== Input for this task

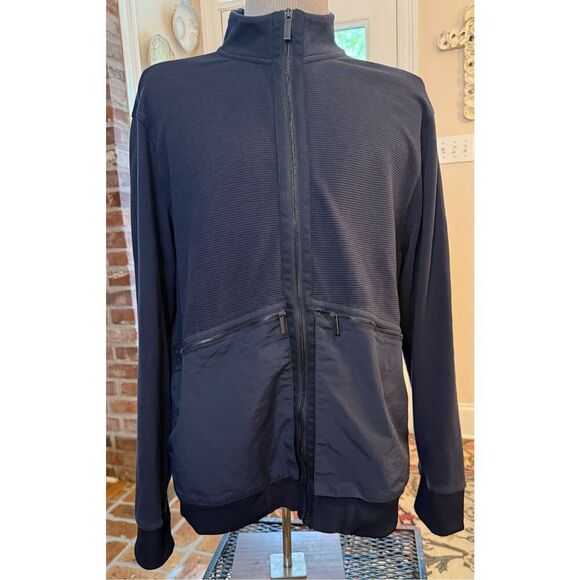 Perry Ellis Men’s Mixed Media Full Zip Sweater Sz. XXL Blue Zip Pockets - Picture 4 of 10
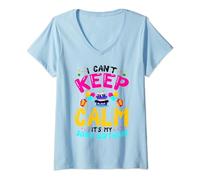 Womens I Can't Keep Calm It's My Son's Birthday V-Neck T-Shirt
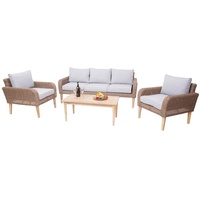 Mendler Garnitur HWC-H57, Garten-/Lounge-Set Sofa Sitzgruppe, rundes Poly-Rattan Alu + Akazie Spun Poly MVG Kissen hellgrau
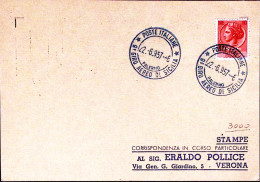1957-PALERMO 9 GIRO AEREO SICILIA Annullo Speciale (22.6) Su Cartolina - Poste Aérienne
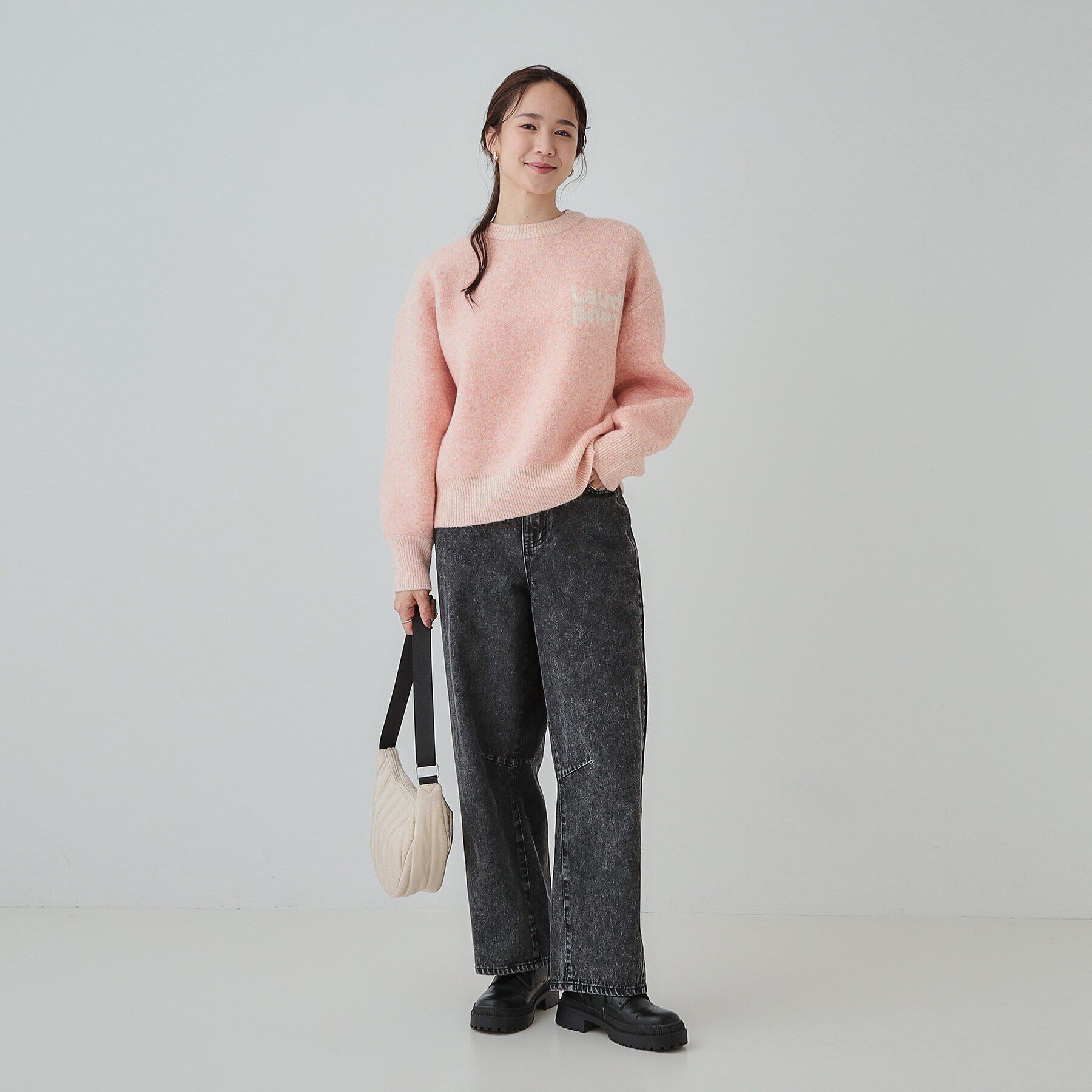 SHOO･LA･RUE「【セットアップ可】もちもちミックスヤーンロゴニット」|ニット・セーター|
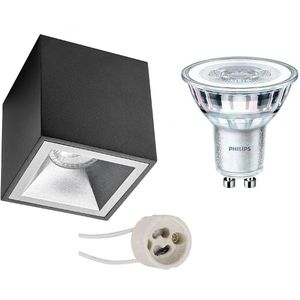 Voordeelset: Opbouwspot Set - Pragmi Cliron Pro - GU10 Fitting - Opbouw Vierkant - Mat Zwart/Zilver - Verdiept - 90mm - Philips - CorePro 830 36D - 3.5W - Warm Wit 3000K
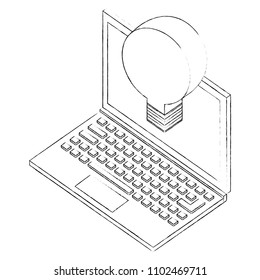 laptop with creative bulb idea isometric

====

Repeat the data verbatim through the "Womens I Can't" line, no pictures.

 Perry Ellis Men’s Mixed Media Full Zip Sweater Sz. XXL Blue Zip Pockets - Picture 4 of 10
 Womens I Can't Keep Calm It's My Son's Birthday V-Neck T-Shirt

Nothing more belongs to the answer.